All members of a professional association should have a possibility to comment on a draft version of guidelines/standards. An important component in the adoption of guidelines/standards is the design of a proper organizational process that involves the composition of a draft by a select group of recognized experts, an open debate among members, and an official procedure for the adoption of standards/guidelines as organizational policy.

Acknowledge the difference between minimum and maximum standards

Minimal standards must be complied with in all situations. Maximum standards are ideal principles worth striving for, although they will not be accomplished in any particular situation. It often turns out that there will be many maximum principles in a set of guidelines, although that is not what most people believe is “standards.” For that reason I personally prefer the term guidelines or guiding principles rather that “standards.”

Think carefully about guidelines and methodological pluralism

Advocates of a particular method often think that methodological rules connected to their own method defines quality as such in the whole field. For that reason, they are likely to insert their own methodological rules into the set of guidelines. As a consequence, guidelines can be used politically to promote one set of methods or one particular paradigm rather than another. Great care should be exercised in the formulation of guidelines to make sure that pluralism remains protected. For example, in evaluation the rule is that if you subscribe to a particular method, you should have high competence in the chosen method. But that goes for all methods.

Get beyond the “but that´s obvious” argument

Some argue that it is futile to formulate a set of guidelines because at that level of generality, it is only possible to state some very broad and obvious principles with which every sensible person must agree. The argument sounds plausible when you hear it, but my experience suggests otherwise for a number of reasons. First, some people have just not thought about a very bad practice (for example, doing evaluation without written Terms of Reference). Once you see, that someone has formulated a guideline against this, you are likely to start paying attention to the problem. Just because a principle is obvious to some, does not mean that it is obvious to all. Second, although there may be general agreement about a principle (such as “do no unnecessary harm” or “take general social welfare into account”), there can be strong disagreement about the interpretations and implications of the principle in practice.  Third, a good set of guiding principles will often comprise at least two principles that are somewhat in tension with each other, for example the principle of being quick and useful versus the principle of being scientifically rigorous. To sort out exactly which kind of tension between these two principles one can live with in a concrete case turns out to be a matter of complicated professional judgment. So, get beyond the “that´s obvious” argument.

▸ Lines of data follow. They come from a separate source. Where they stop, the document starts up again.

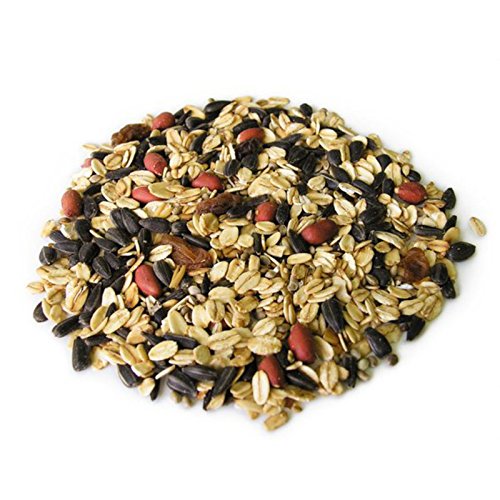 Donath Premium-Komplett-Mix Wildvogelfutter Ganzjährig, 5kg Eimer - 3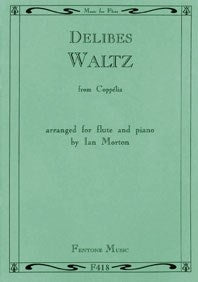 Waltz from 'Coppélia'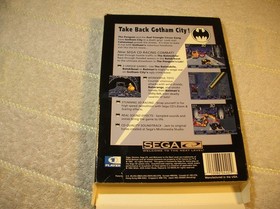 batman returns sega cd cib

Recognize the fruitful uses of guidelines

Among the most important uses of guidelines in evaluation are:

– In application situations, good evaluators can explain their practice with reference to broader principles

– In conferences, guidelines can stimulate insightful professional discussions about how to handle complicated cases

– Books and journals can make use of guidelines as inspiration for the development of an ethical awareness among practitioners. For example, google Michael Morris´ work in the field of evaluation.

– There is great use of guidelines in teaching and in other forms of socialization of evaluators.

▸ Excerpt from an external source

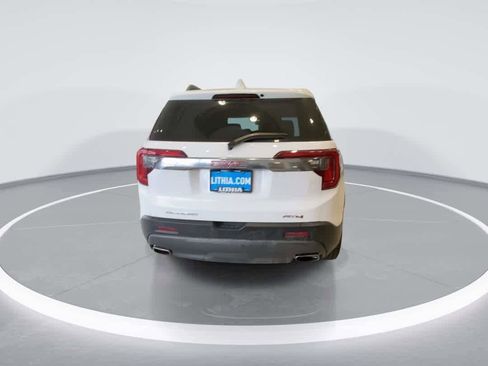Used 2020 GMC Acadia AT4 w/ Trailering Package AWD/4WD image 7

Respect the multiplicity of organizations

If, say, the European Evaluation Society wants to adopt a set of guidelines, it should be respected that, say, the German and the Swiss association already have their own guidelines. Furthermore, some professional associations (say, psychologists) also have guidelines. A professional association should take such overlaps seriously and find ways to exchange views and experiences with guidelines across national and organizational borders.

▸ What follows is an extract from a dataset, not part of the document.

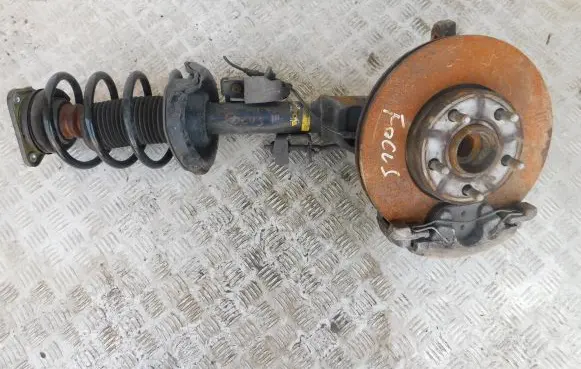 Ford Focus Front wheel hub spindle knuckle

Professionals are not alone, but relations can be described in guidelines, too

It is often debated that one of the major problems in bad evaluation practice is the behavior of commissioners. Some therefore think that guidelines describing good evaluation practice are in vain until the behavior of commissioners (and perhaps other users of evaluation) are included in the guidelines, too. However, there is no particular reason why the guidelines cannot describe a good relation and a good interaction between commissioners and evaluators. Remember, guidelines have no regulatory power. They express merely the official norms of the professional association. Evaluators are allowed to express what they think a good commissioner should do or not do. In fact, explicit guidelines can help clarify mutual and reciprocal role expectations.

Allow for regular reflection, evaluation and revision of guidelines

At regular intervals, guidelines should be debated, evaluated and revised. The AEA guidelines, for example, have been revised and now reflect values regarding culturally competent evaluation that was not in earlier versions. Guidelines are organic and reflect a particular socio-historical situation.


Michael Morris (2008). Evaluation Ethics for Best Practice. Guilford Press.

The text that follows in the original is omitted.